● WHAT YOU SHOULD DO:
Begin at the line with "1811 Ferris Avenue, Waxahachie, TX 75165" and output every line through the end of the records, exactly as given. Omit pictures.

Entries taken from a collection:
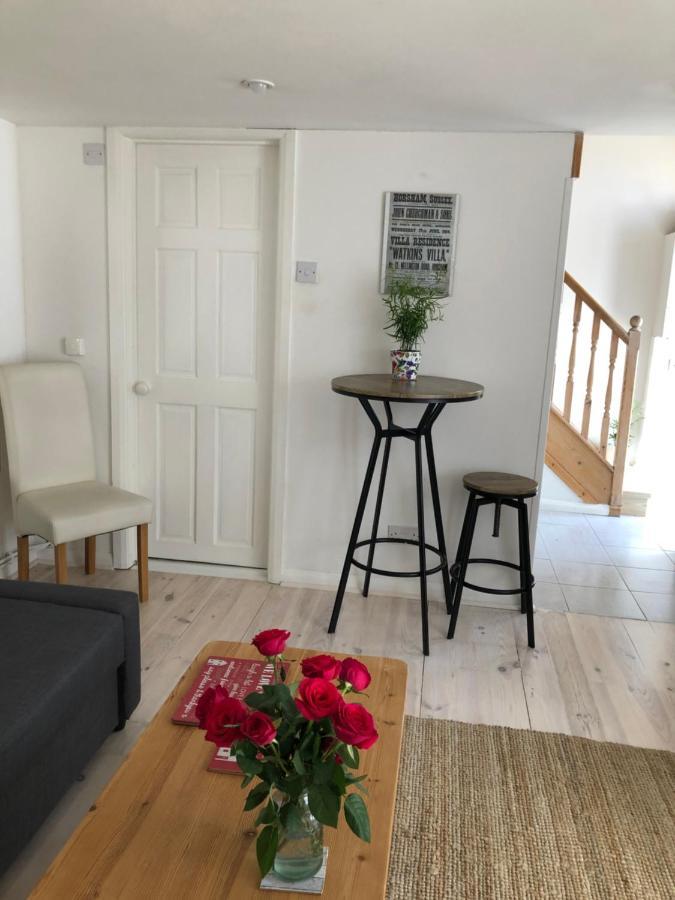 Kristina'S Coach House Apartment Horsham Ngoại thất bức ảnh
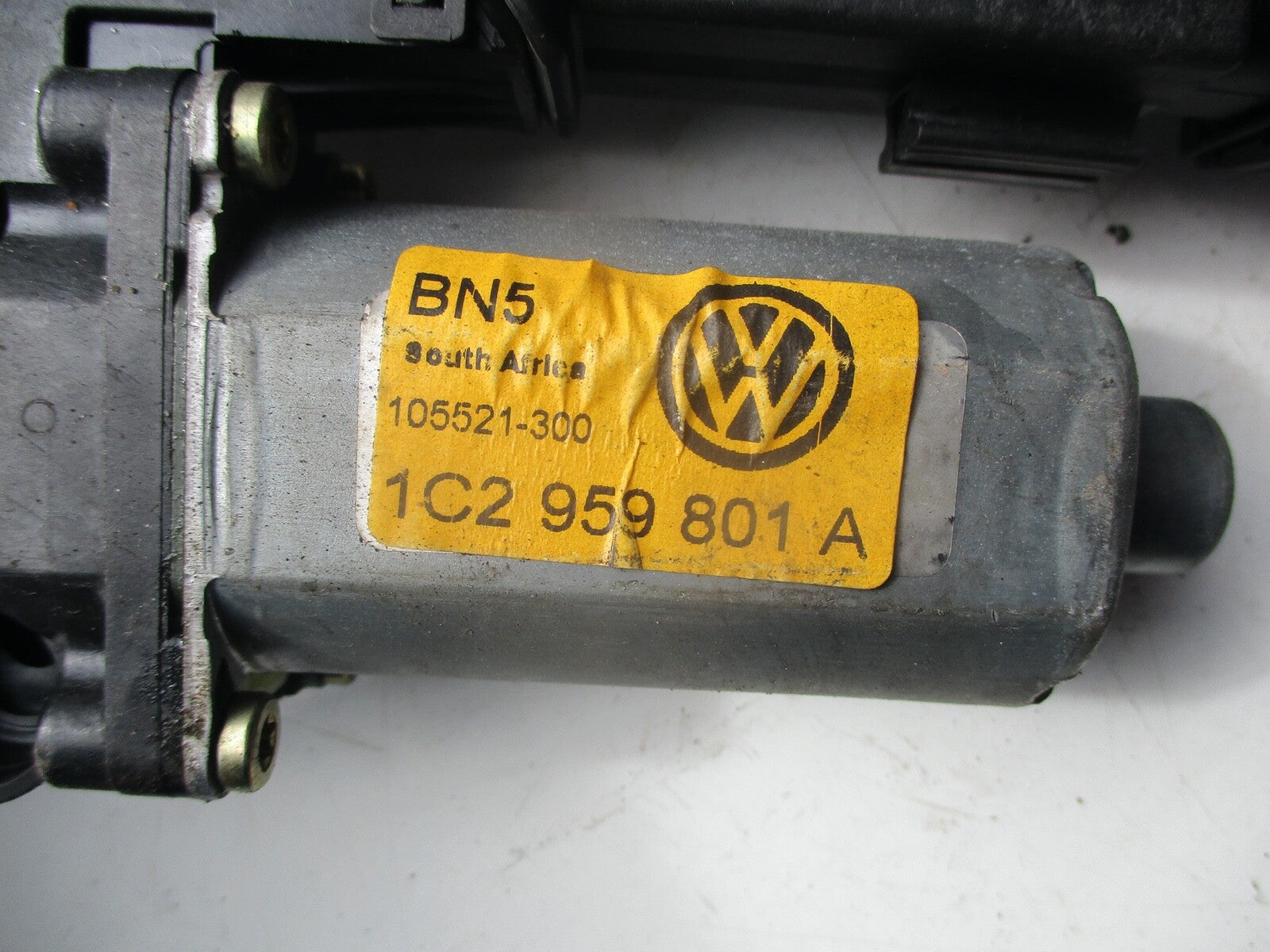 VW VOLKSWAGEN GOLF MK4 FRONT PASSENGER SIDE ELECTRIC WINDOW MOTOR 1C2 959 801A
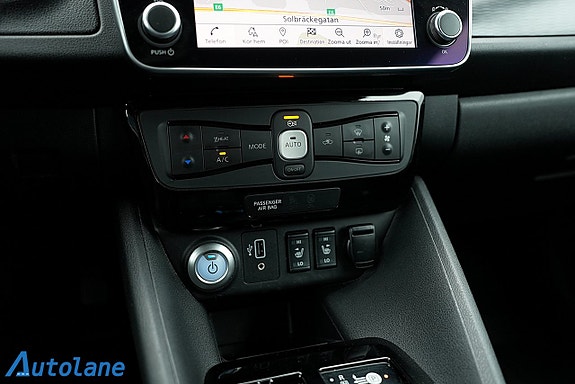 Nissan Leaf 29 of 30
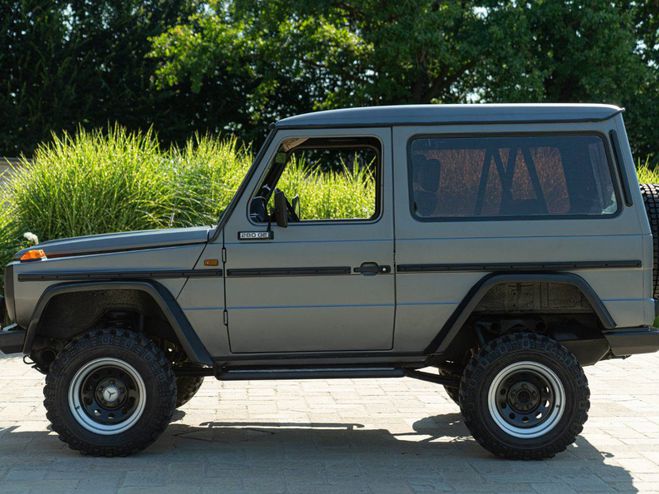 Mercedes 280 1981 MERCEDES-BENZ GE GRIGIO de 1981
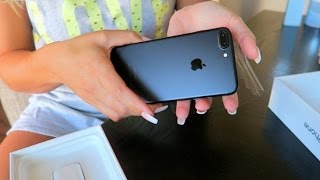 UNBOXING MY IPHONE 7 PLUS! | Casey Holmes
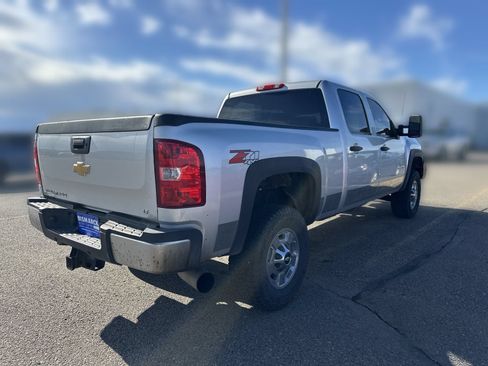Used 2012 Chevrolet Silverado 2500 LT w/ Interior Plus Package AWD/4WD image 3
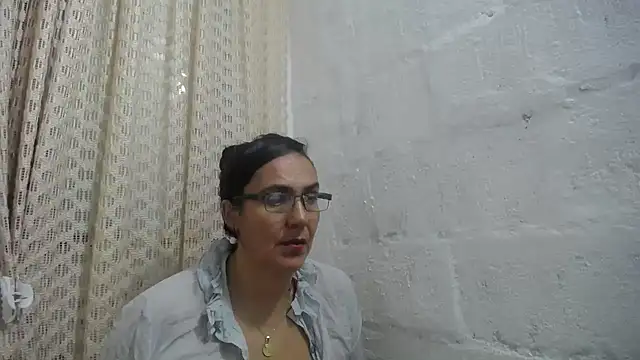 gabbyparker  online show from April 5, 2026, 10:01 am
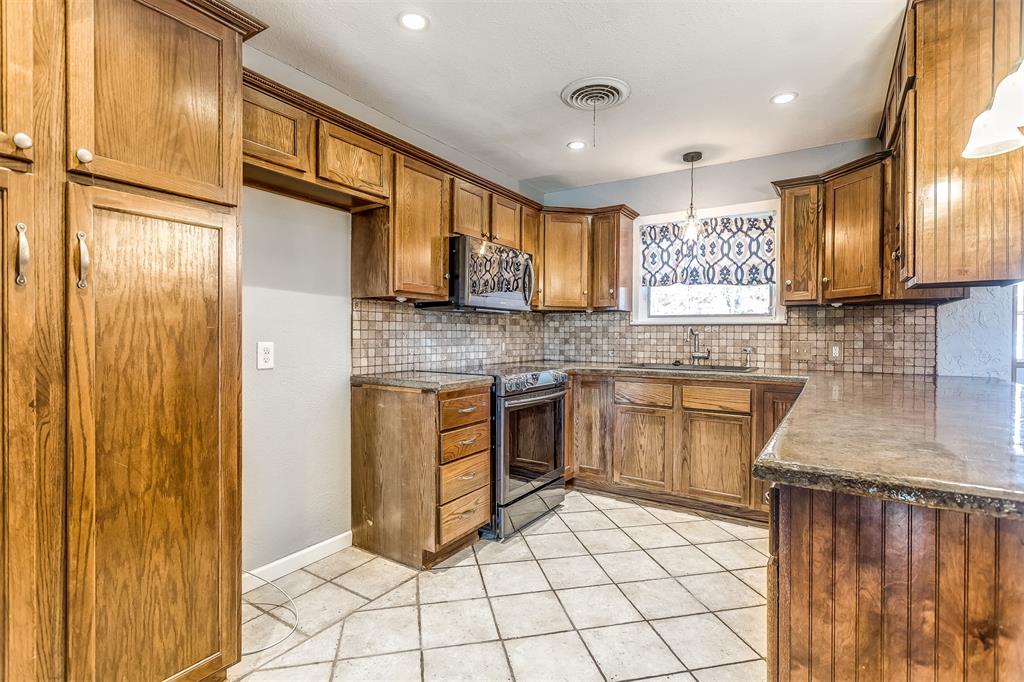 1811 Ferris Avenue, Waxahachie, TX 75165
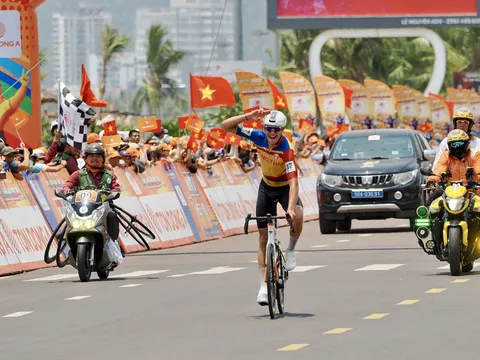 Christoph Janssen thắng ung dung ở chặng 12 Cúp Truyền hình TP.HCM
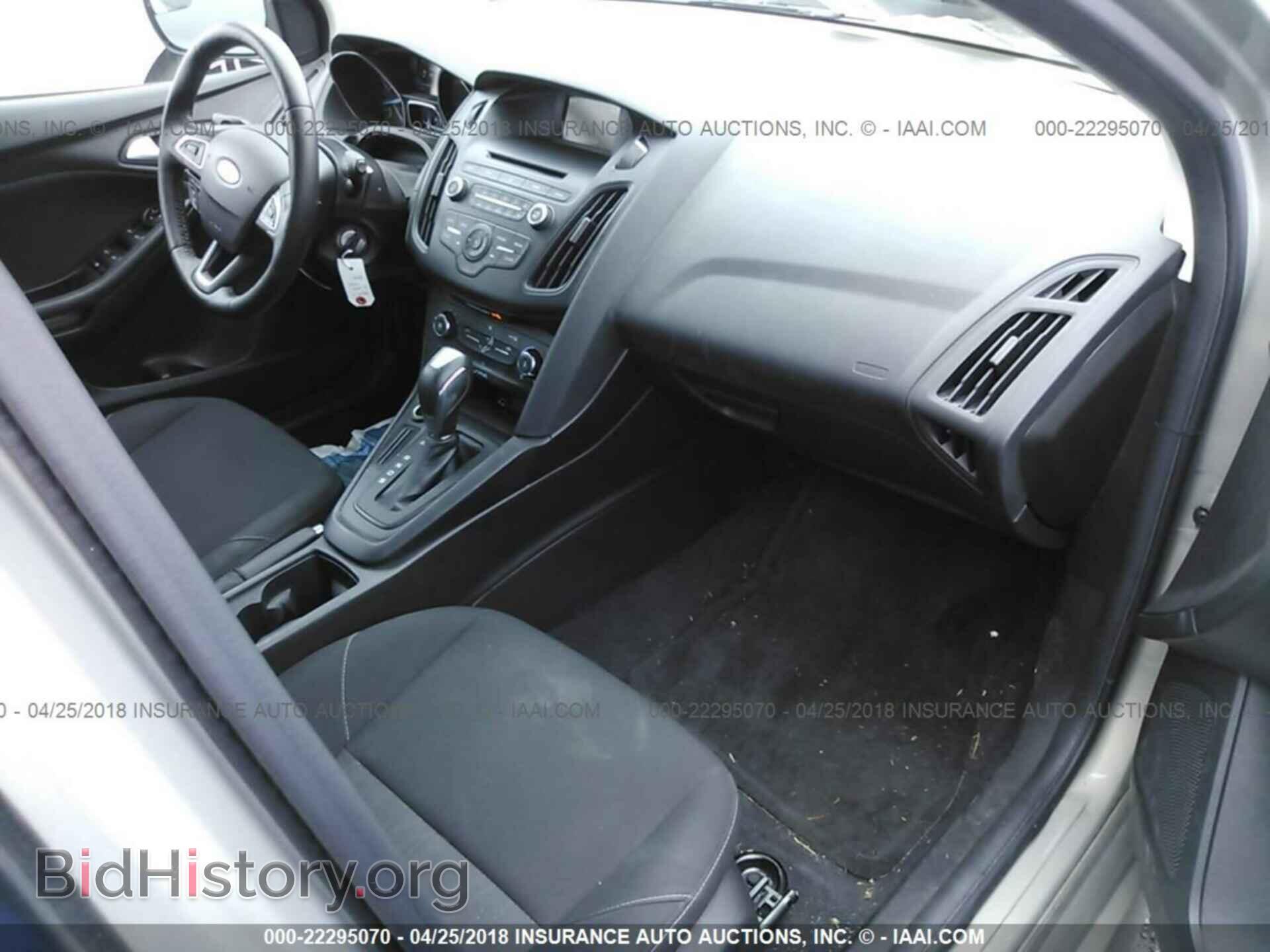 2016 Ford Focus - VIN: 1FADP3K29GL331171 - Photo 5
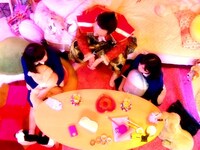 「女子高生と武将」のワンシーン。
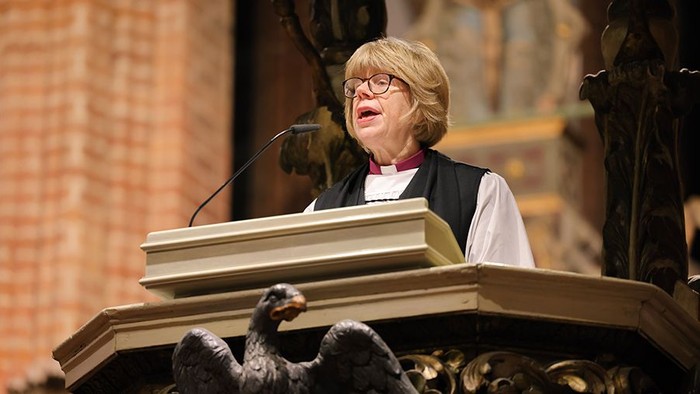 Bischöfin Mullay predigt auf der Kanzel von St. Nikolai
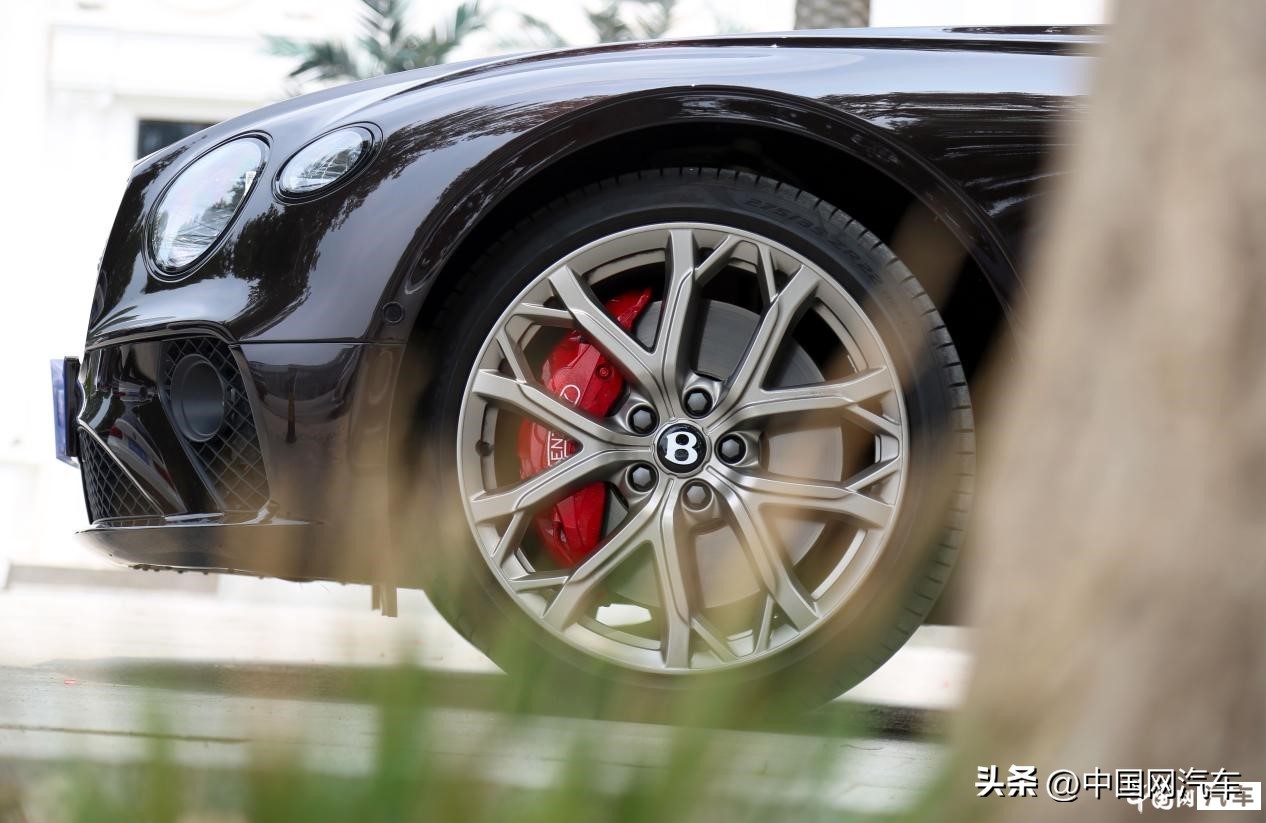 高贵气质动感拉风实拍宾利欧陆gts,沉浸式体验宾利欧陆gt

● RESULT FOR THIS TASK:
 1811 Ferris Avenue, Waxahachie, TX 75165
 Christoph Janssen thắng ung dung ở chặng 12 Cúp Truyền hình TP.HCM
 2016 Ford Focus - VIN: 1FADP3K29GL331171 - Photo 5
 「女子高生と武将」のワンシーン。
 Bischöfin Mullay predigt auf der Kanzel von St. Nikolai
 高贵气质动感拉风实拍宾利欧陆gts,沉浸式体验宾利欧陆gt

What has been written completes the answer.